日本平和大会—県内12か所で試聴会、交流会も

 昨年に引き続きオンライン開催となった日本平和大会。県内の視聴会場は12(長崎7,大村1,佐世保4)、参加者は延べ44名でした。今年の県内参加者の交流会は全体集会と特別集会の間のランチタイムを利用して行いました。

【全体集会】
 衆院選の結果を受け、岸田首相は憲法改定国民投票の実施や「敵基地攻撃能力」保有の検討、軍事費をGDP比2%へなど安倍・菅の「戦争する国づくり」をさらに推し進める姿勢を明確にしている。これを踏まえ、千坂純日本平和委員会事務局長より、今後の取り組みとして、①日米安保条約廃棄への理解と共感を広げる、②憲法9条を生かした安全保障、平和外交の対案を示す、③辺野古や馬毛島など基地闘争を発展させる、との報告があった。

 つづいて、立憲野党や自治体などからの連帯のあいさつがあり、各地の草の根の運動交流が行われた。日本のいたる所で米軍の施設建設や訓練を阻止する運動が繰り広げられており、日本政府の卑劣さとそれに物言わぬ自治体の弱腰に憤り、各地で運動が必要な事象が起こっているという数の多さに「手に余る」という感覚も抱いた。
 そういう中で、衝撃的だったのが、辺野古新基地ストップの闘いで紹介された言葉である。「どういう経緯で辺野古新基地建設反対の行動に参加するようになったのか」と聞かれた地元の人が「肌感」と答えた。小さい頃に親や親戚から沖縄戦や戦後の話を聞いていて、辺野古新基地は阻止しなければと肌で感じたというのである。力強い動機だ。

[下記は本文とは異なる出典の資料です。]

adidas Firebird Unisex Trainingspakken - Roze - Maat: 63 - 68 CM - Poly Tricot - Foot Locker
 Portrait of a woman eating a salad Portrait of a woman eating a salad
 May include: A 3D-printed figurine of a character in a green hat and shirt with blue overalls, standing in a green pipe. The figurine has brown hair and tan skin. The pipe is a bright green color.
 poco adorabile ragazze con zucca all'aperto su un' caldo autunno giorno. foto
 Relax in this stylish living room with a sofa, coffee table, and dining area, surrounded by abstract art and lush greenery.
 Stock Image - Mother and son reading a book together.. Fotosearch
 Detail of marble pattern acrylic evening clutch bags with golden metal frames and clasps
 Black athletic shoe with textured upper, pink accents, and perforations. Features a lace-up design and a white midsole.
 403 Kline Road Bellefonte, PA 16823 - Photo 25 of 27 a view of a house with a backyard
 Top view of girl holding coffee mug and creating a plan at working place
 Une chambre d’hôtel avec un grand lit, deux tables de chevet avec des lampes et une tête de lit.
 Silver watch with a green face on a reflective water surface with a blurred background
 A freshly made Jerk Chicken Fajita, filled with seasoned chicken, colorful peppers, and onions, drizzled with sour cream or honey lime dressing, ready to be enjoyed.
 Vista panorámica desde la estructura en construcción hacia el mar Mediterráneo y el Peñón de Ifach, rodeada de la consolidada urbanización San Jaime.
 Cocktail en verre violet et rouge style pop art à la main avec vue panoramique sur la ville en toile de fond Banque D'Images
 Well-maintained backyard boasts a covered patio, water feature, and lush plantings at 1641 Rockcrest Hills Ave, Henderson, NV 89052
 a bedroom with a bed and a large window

 連帯あいさつで、「市民連合」運営委員の山口二郎法政大学教授が「自民党の高市早苗らはこれまでの自民党の枠を超えた好戦的な政策を打ち出した。過半数を超えたからと言って改憲や安全保障政策を国民が支持したわけではない」と述べたが、強固な自民党支持者以外にも投票した人がいるわけで、その人たちは好戦的な政策をどう受け止めたのか。知らなかった人も少なくないと思うが、「危なそう」という肌感が働かなかったのではないかと思うし、政治家の発言に「おかしい」と疑う肌感が鈍くなっているのではと思う。肌感を養うには教育や正確な情報が必要だと思うが、今の学校やマスメディアでは望めない。だから平和大会などで学習し、たくさんの人の思いに触れて肌感を研ぎ澄ますことが必要なんだなと一人納得した。

【ランチタイム交流会】
 Zoomで7会場を結んで交流しました。
 話題の中心となったのは、いまだに米軍が日本に駐留している根拠となっている日米安保条約についての意見交換です。一定の国民の中に、「有事の際に米軍や自衛隊が国民を守ってくれるのだから米軍の駐留は必要、自衛隊も敵に対抗できる武力を維持しなければならない」という考えがあることに対し、どうしたら効果的な理解や共感が得られるか、などについて話し合いました。「軍隊は国家を守ることが任務であって国民を守る組織ではない」「有事の際は国民の命より作戦が優先されることは沖縄戦などで既に示されている」「学校教育がとても重要であるが国はやらない。市民運動の役割は大きい」などが出され、理解を深め合いました。

【特別集会①】
 テーマは「軍事同盟も米軍基地もないアジアは可能か」でした。日本や海外からのパネラーの発言には共通していることがありました。それは、「軍事でなく対話と連帯を通じた外交で問題を解決していこう」という姿勢です。
 アメリカから参加した元米陸軍大佐のアン・ライトさんは「NATO諸国が中国への圧力をかけているなかで、問題解決のためには協力、対話、尊重、外交が唯一受けいれられる方法だとアメリカ政府に認識させなければならない」と発言。韓国のイ・ジュンキュさんは朝鮮半島の非核化と平和体制を進展させることが、東アジア国際秩序の変革になると指摘。川田忠明さんは、「憲法9条を生かした安全保障、外交努力を本気で追及してこそ、日本の安全とアジアの平和がある。そのことを国民的な世論としていくことが求められている」と発言。そのためにも、安保条約に問題があることを暴いて廃棄をめざす活動を強化、発展させようと呼びかけました。

【特別集会②】
 テーマは「大軍拡・基地強化・日米軍事一体化の現状とたたかい」。安保破棄中央実行委員会の小泉親司さんが米国いいなりの軍拡と世界に類のない基地増強が進められ、憲法をないがしろにし、日本を戦争に巻き込む危険な事態になっていると指摘。憲法9条守れの運動と軌を一にした運動を広げようと呼びかけました。
 各地から基地強化を許さないたたかいが報告されました。木更津は米軍と自衛隊で法体系が異なるオスプレイが配備され、全国展開の拠点と同時に日米協力の象徴となっている。海兵隊・海軍の戦闘機が配備されている岩国では陸軍・空軍機が飛来するようになった。強襲揚陸艦アメリカも初寄港した。「軍事同盟の実態を知らせ、基地問題が参院選の争点となるように運動を展開していきたい」と決意を語りました。